BEGIN Data records

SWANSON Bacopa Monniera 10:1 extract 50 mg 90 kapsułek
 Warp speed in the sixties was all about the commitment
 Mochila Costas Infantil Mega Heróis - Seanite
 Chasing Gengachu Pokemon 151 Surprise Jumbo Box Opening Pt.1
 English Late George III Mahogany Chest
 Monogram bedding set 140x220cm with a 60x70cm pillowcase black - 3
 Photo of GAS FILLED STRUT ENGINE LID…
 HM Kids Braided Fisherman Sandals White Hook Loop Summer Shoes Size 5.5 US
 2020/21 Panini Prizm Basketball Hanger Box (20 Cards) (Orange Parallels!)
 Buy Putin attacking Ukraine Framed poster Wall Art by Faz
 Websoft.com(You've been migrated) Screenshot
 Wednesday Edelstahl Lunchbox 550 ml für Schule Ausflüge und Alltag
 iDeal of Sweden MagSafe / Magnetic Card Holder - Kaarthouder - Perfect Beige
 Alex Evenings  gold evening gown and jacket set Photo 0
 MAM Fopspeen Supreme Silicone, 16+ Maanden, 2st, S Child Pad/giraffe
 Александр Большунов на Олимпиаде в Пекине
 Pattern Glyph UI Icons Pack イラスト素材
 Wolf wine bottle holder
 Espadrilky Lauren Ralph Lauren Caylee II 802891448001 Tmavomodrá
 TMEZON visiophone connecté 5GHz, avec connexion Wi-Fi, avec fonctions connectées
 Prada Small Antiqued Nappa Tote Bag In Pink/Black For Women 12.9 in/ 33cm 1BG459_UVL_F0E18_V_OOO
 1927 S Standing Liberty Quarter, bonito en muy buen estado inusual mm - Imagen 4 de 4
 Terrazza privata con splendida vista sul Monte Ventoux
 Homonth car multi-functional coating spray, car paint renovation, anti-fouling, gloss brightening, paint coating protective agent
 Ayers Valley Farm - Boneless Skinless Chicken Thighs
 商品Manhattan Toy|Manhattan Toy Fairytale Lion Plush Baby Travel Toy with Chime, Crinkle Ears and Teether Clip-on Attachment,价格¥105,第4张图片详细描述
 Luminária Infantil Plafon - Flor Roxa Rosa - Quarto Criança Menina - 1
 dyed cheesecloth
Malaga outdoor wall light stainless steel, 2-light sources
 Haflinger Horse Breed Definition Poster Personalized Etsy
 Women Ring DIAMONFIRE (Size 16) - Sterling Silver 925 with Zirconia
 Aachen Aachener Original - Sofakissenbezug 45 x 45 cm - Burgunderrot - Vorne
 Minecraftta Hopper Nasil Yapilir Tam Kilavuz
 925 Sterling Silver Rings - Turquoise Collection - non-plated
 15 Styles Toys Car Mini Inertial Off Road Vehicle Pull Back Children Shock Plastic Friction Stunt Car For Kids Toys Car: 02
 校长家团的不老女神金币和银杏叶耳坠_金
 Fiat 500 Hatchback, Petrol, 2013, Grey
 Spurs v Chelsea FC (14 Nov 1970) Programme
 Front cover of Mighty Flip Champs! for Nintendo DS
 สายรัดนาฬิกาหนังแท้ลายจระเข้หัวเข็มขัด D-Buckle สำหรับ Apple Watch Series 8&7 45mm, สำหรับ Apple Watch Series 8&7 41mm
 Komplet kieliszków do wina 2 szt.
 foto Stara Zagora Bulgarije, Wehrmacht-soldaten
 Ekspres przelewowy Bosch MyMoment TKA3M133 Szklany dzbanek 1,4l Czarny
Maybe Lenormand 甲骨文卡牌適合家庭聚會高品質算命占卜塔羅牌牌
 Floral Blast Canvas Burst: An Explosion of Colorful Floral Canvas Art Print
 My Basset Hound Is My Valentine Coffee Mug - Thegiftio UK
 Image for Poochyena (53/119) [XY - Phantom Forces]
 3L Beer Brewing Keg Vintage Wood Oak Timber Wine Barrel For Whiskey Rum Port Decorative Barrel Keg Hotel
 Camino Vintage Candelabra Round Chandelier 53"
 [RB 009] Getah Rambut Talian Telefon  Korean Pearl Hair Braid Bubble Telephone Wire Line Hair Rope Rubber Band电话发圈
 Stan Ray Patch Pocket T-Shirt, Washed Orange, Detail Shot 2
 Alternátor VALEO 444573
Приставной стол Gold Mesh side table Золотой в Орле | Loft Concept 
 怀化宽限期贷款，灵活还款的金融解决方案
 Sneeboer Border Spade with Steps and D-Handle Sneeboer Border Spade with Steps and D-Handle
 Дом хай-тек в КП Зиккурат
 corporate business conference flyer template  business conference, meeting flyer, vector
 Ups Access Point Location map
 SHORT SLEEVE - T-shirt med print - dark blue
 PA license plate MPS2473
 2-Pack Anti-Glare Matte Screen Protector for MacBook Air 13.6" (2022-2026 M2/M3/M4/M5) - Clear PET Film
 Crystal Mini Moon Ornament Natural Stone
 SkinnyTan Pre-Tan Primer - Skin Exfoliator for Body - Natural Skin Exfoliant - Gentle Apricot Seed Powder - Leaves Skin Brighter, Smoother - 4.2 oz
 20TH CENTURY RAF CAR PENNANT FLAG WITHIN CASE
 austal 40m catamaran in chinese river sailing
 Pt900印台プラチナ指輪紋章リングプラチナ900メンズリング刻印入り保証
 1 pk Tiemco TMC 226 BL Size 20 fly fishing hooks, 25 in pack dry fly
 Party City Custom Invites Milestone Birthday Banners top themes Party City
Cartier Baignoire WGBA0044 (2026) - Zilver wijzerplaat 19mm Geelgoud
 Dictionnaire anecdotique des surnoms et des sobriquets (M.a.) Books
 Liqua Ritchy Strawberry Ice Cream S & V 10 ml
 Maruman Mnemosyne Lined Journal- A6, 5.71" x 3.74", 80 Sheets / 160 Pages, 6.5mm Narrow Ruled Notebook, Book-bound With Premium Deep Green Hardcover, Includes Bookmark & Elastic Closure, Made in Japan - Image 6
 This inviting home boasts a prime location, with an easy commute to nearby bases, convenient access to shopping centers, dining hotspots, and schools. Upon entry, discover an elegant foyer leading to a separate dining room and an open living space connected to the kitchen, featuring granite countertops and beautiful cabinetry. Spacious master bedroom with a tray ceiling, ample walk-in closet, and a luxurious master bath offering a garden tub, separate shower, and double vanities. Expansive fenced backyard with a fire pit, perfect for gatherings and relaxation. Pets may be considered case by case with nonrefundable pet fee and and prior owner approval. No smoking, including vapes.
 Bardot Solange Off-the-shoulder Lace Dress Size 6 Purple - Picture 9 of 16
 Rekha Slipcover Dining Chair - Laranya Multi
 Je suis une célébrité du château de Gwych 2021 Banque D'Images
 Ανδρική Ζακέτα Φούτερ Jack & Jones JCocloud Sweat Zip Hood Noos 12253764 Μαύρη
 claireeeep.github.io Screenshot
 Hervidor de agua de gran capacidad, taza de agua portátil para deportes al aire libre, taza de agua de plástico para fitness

END Data records

What you are asked to do
Word for word, give back the data shown above.

Final answer
SWANSON Bacopa Monniera 10:1 extract 50 mg 90 kapsułek
 Warp speed in the sixties was all about the commitment
 Mochila Costas Infantil Mega Heróis - Seanite
 Chasing Gengachu Pokemon 151 Surprise Jumbo Box Opening Pt.1
 English Late George III Mahogany Chest
 Monogram bedding set 140x220cm with a 60x70cm pillowcase black - 3
 Photo of GAS FILLED STRUT ENGINE LID…
 HM Kids Braided Fisherman Sandals White Hook Loop Summer Shoes Size 5.5 US
 2020/21 Panini Prizm Basketball Hanger Box (20 Cards) (Orange Parallels!)
 Buy Putin attacking Ukraine Framed poster Wall Art by Faz
 Websoft.com(You've been migrated) Screenshot
 Wednesday Edelstahl Lunchbox 550 ml für Schule Ausflüge und Alltag
 iDeal of Sweden MagSafe / Magnetic Card Holder - Kaarthouder - Perfect Beige
 Alex Evenings  gold evening gown and jacket set Photo 0
 MAM Fopspeen Supreme Silicone, 16+ Maanden, 2st, S Child Pad/giraffe
 Александр Большунов на Олимпиаде в Пекине
 Pattern Glyph UI Icons Pack イラスト素材
 Wolf wine bottle holder
 Espadrilky Lauren Ralph Lauren Caylee II 802891448001 Tmavomodrá
 TMEZON visiophone connecté 5GHz, avec connexion Wi-Fi, avec fonctions connectées
 Prada Small Antiqued Nappa Tote Bag In Pink/Black For Women 12.9 in/ 33cm 1BG459_UVL_F0E18_V_OOO
 1927 S Standing Liberty Quarter, bonito en muy buen estado inusual mm - Imagen 4 de 4
 Terrazza privata con splendida vista sul Monte Ventoux
 Homonth car multi-functional coating spray, car paint renovation, anti-fouling, gloss brightening, paint coating protective agent
 Ayers Valley Farm - Boneless Skinless Chicken Thighs
 商品Manhattan Toy|Manhattan Toy Fairytale Lion Plush Baby Travel Toy with Chime, Crinkle Ears and Teether Clip-on Attachment,价格¥105,第4张图片详细描述
 Luminária Infantil Plafon - Flor Roxa Rosa - Quarto Criança Menina - 1
 dyed cheesecloth
Malaga outdoor wall light stainless steel, 2-light sources
 Haflinger Horse Breed Definition Poster Personalized Etsy
 Women Ring DIAMONFIRE (Size 16) - Sterling Silver 925 with Zirconia
 Aachen Aachener Original - Sofakissenbezug 45 x 45 cm - Burgunderrot - Vorne
 Minecraftta Hopper Nasil Yapilir Tam Kilavuz
 925 Sterling Silver Rings - Turquoise Collection - non-plated
 15 Styles Toys Car Mini Inertial Off Road Vehicle Pull Back Children Shock Plastic Friction Stunt Car For Kids Toys Car: 02
 校长家团的不老女神金币和银杏叶耳坠_金
 Fiat 500 Hatchback, Petrol, 2013, Grey
 Spurs v Chelsea FC (14 Nov 1970) Programme
 Front cover of Mighty Flip Champs! for Nintendo DS
 สายรัดนาฬิกาหนังแท้ลายจระเข้หัวเข็มขัด D-Buckle สำหรับ Apple Watch Series 8&7 45mm, สำหรับ Apple Watch Series 8&7 41mm
 Komplet kieliszków do wina 2 szt.
 foto Stara Zagora Bulgarije, Wehrmacht-soldaten
 Ekspres przelewowy Bosch MyMoment TKA3M133 Szklany dzbanek 1,4l Czarny
Maybe Lenormand 甲骨文卡牌適合家庭聚會高品質算命占卜塔羅牌牌
 Floral Blast Canvas Burst: An Explosion of Colorful Floral Canvas Art Print
 My Basset Hound Is My Valentine Coffee Mug - Thegiftio UK
 Image for Poochyena (53/119) [XY - Phantom Forces]
 3L Beer Brewing Keg Vintage Wood Oak Timber Wine Barrel For Whiskey Rum Port Decorative Barrel Keg Hotel
 Camino Vintage Candelabra Round Chandelier 53"
 [RB 009] Getah Rambut Talian Telefon  Korean Pearl Hair Braid Bubble Telephone Wire Line Hair Rope Rubber Band电话发圈
 Stan Ray Patch Pocket T-Shirt, Washed Orange, Detail Shot 2
 Alternátor VALEO 444573
Приставной стол Gold Mesh side table Золотой в Орле | Loft Concept 
 怀化宽限期贷款，灵活还款的金融解决方案
 Sneeboer Border Spade with Steps and D-Handle Sneeboer Border Spade with Steps and D-Handle
 Дом хай-тек в КП Зиккурат
 corporate business conference flyer template  business conference, meeting flyer, vector
 Ups Access Point Location map
 SHORT SLEEVE - T-shirt med print - dark blue
 PA license plate MPS2473
 2-Pack Anti-Glare Matte Screen Protector for MacBook Air 13.6" (2022-2026 M2/M3/M4/M5) - Clear PET Film
 Crystal Mini Moon Ornament Natural Stone
 SkinnyTan Pre-Tan Primer - Skin Exfoliator for Body - Natural Skin Exfoliant - Gentle Apricot Seed Powder - Leaves Skin Brighter, Smoother - 4.2 oz
 20TH CENTURY RAF CAR PENNANT FLAG WITHIN CASE
 austal 40m catamaran in chinese river sailing
 Pt900印台プラチナ指輪紋章リングプラチナ900メンズリング刻印入り保証
 1 pk Tiemco TMC 226 BL Size 20 fly fishing hooks, 25 in pack dry fly
 Party City Custom Invites Milestone Birthday Banners top themes Party City
Cartier Baignoire WGBA0044 (2026) - Zilver wijzerplaat 19mm Geelgoud
 Dictionnaire anecdotique des surnoms et des sobriquets (M.a.) Books
 Liqua Ritchy Strawberry Ice Cream S & V 10 ml
 Maruman Mnemosyne Lined Journal- A6, 5.71" x 3.74", 80 Sheets / 160 Pages, 6.5mm Narrow Ruled Notebook, Book-bound With Premium Deep Green Hardcover, Includes Bookmark & Elastic Closure, Made in Japan - Image 6
 This inviting home boasts a prime location, with an easy commute to nearby bases, convenient access to shopping centers, dining hotspots, and schools. Upon entry, discover an elegant foyer leading to a separate dining room and an open living space connected to the kitchen, featuring granite countertops and beautiful cabinetry. Spacious master bedroom with a tray ceiling, ample walk-in closet, and a luxurious master bath offering a garden tub, separate shower, and double vanities. Expansive fenced backyard with a fire pit, perfect for gatherings and relaxation. Pets may be considered case by case with nonrefundable pet fee and and prior owner approval. No smoking, including vapes.
 Bardot Solange Off-the-shoulder Lace Dress Size 6 Purple - Picture 9 of 16
 Rekha Slipcover Dining Chair - Laranya Multi
 Je suis une célébrité du château de Gwych 2021 Banque D'Images
 Ανδρική Ζακέτα Φούτερ Jack & Jones JCocloud Sweat Zip Hood Noos 12253764 Μαύρη
 claireeeep.github.io Screenshot
 Hervidor de agua de gran capacidad, taza de agua portátil para deportes al aire libre, taza de agua de plástico para fitness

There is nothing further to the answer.